The study identified 3-deoxy-7-phosphoheptulonate synthase (DAHP synthase), encoded by the aroG gene, as a promising bacterial protein from Gardnerella vaginalis for further analysis. DAHP synthase plays a crucial role in the shikimate pathway, which is responsible for producing essential aromatic amino acids such as tyrosine and tryptophan, as well as other related compounds.
As reported by azolifesciences.com, structurally, DAHP synthase exhibited stability, with hydrophobic regions organized in a globular formation. Its size made it an ideal candidate for drug targeting. Additionally, several DAHP synthase inhibitors were identified from the ZINC database, displaying properties such as high solubility, good oral bioavailability, and favorable pharmacokinetics. The safety evaluation suggested a low risk of hepatotoxicity, mutagenicity, and skin sensitivity, though conditions like pregnancy, renal impairment, liver cirrhosis, and steatosis could affect the absorption of these compounds.

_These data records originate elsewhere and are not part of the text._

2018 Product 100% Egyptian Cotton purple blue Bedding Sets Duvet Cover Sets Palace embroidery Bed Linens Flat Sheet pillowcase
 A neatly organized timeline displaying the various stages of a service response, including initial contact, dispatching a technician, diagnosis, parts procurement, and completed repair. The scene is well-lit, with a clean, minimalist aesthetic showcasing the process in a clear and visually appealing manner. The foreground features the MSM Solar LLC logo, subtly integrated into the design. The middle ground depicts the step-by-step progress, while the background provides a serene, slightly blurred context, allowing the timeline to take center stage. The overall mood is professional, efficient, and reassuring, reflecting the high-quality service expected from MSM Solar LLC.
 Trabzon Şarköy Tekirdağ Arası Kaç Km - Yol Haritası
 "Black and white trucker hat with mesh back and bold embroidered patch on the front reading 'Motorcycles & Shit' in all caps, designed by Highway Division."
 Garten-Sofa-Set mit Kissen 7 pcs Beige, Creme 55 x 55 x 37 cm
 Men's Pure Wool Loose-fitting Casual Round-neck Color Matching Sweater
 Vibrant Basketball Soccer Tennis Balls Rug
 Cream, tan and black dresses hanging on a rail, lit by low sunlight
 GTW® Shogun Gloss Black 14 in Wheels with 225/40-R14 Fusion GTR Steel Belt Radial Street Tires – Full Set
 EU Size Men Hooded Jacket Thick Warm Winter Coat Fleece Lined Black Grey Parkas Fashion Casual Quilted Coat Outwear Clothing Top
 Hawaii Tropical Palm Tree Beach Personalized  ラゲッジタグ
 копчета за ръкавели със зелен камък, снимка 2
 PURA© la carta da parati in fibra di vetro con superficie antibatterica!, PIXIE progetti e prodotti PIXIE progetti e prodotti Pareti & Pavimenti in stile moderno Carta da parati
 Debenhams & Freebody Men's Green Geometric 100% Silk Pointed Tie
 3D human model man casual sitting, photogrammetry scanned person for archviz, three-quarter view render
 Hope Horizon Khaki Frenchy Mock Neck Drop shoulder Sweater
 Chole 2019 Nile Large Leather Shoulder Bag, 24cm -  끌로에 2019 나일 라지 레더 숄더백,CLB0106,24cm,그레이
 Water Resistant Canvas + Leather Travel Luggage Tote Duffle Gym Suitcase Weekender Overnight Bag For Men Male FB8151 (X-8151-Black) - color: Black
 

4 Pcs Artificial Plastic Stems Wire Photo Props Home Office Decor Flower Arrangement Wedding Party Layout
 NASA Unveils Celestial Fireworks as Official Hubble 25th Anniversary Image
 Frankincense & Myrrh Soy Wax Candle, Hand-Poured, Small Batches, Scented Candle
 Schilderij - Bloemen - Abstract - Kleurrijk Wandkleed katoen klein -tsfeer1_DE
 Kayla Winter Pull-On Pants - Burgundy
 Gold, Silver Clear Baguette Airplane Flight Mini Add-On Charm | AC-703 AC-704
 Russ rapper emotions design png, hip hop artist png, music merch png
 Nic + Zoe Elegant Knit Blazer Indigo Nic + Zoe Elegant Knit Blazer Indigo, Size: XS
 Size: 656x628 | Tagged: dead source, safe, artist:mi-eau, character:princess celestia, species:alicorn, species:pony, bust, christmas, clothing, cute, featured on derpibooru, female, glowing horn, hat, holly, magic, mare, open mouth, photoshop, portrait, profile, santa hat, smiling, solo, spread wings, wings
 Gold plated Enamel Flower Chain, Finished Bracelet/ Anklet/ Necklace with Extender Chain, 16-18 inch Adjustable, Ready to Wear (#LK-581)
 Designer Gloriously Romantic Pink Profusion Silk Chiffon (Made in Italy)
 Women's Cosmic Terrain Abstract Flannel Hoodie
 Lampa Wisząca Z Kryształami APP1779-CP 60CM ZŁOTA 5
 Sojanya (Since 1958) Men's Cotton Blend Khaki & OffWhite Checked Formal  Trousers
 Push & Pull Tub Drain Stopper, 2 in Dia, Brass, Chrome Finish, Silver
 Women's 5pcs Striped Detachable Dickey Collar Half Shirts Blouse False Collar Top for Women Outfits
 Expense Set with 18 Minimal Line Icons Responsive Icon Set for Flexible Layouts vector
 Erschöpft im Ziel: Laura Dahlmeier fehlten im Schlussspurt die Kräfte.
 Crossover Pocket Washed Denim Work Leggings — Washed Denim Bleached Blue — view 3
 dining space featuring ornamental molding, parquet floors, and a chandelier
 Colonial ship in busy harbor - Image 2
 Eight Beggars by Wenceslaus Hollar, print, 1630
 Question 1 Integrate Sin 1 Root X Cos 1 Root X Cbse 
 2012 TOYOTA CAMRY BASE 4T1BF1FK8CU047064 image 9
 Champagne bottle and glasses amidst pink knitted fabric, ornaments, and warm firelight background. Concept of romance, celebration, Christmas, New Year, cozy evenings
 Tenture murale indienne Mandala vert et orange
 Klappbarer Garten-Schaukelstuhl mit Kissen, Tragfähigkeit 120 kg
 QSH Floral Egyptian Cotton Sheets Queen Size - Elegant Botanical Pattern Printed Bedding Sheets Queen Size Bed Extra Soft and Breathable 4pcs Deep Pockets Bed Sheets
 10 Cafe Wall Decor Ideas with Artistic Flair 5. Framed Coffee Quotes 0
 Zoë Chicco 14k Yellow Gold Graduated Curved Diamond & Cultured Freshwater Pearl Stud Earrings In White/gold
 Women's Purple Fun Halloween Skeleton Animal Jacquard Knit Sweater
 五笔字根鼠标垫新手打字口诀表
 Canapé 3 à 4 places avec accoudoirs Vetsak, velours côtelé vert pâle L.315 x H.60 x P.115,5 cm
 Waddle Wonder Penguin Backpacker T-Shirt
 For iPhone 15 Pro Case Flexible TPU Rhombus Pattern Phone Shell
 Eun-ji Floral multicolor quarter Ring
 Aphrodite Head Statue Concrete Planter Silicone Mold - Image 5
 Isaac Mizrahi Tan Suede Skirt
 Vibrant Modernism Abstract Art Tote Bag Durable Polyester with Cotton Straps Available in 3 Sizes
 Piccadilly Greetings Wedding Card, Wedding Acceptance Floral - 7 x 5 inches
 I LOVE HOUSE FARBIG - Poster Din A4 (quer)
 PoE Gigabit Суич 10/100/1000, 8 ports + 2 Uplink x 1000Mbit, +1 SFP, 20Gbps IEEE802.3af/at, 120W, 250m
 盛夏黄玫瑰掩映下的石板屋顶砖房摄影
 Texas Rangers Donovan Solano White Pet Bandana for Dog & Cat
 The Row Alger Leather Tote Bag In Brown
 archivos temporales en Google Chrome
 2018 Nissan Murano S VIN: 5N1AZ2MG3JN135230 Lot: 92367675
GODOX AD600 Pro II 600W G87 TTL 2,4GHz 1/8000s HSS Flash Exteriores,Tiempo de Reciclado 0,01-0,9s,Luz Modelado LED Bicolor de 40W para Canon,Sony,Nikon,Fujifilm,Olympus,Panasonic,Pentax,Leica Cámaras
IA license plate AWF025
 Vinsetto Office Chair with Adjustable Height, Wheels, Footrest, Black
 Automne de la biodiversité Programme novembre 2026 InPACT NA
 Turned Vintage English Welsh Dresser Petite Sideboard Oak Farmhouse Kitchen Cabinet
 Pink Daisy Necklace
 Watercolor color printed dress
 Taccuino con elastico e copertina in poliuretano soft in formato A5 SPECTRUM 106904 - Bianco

Physiologically-based pharmacokinetic modeling, which analyzes absorption, distribution, metabolism, and excretion (ADME), revealed that the compound ZINC98088375 had the most effective systemic circulation and bioavailability. The research utilized a computational framework to pinpoint proteins in G. vaginalis as viable drug targets for the treatment of bacterial vaginosis.
DAHP synthase was identified as a key target due to its role in the bacterium’s amino acid pathways, and various inhibitors from the ZINC database were found to have suitable pharmacokinetic profiles. ZINC98088375 emerged as the most promising compound in terms of bioavailability and systemic circulation. Further in vitro and in vivo studies are needed to validate the efficacy of these potential therapeutic agents for clinical application.